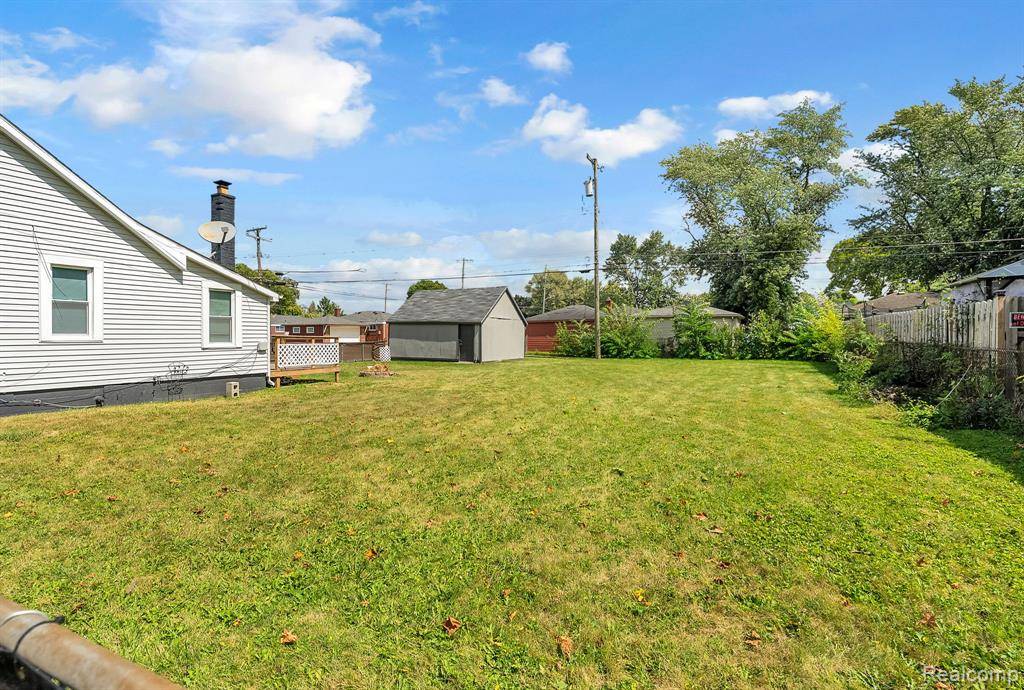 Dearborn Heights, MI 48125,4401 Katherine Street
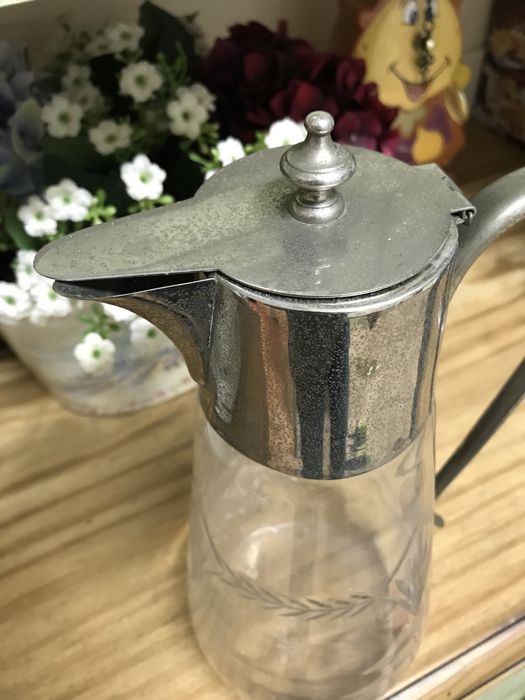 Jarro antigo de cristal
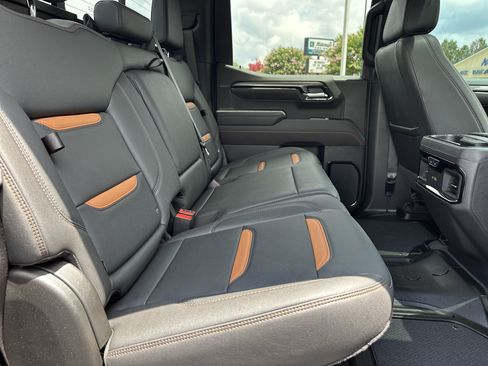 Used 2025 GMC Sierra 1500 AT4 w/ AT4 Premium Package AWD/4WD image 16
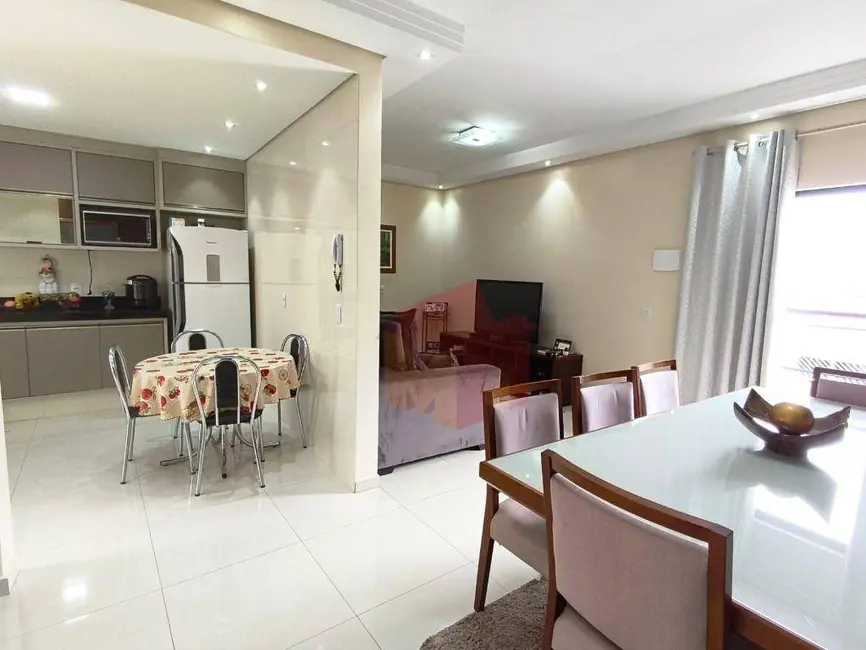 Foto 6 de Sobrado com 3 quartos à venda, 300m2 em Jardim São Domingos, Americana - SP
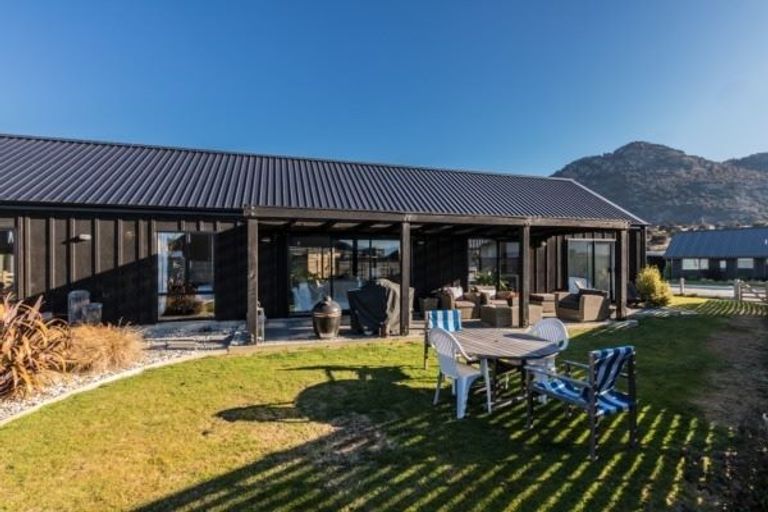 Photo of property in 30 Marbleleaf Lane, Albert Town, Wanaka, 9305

### INSTRUCTIONS TO FOLLOW
Copy the preceding data in full and word for word, dropping its pictures.

### EXERCISE OUTPUT
 Dearborn Heights, MI 48125,4401 Katherine Street
 Jarro antigo de cristal
 Used 2025 GMC Sierra 1500 AT4 w/ AT4 Premium Package AWD/4WD image 16
 Foto 6 de Sobrado com 3 quartos à venda, 300m2 em Jardim São Domingos, Americana - SP
 Photo of property in 30 Marbleleaf Lane, Albert Town, Wanaka, 9305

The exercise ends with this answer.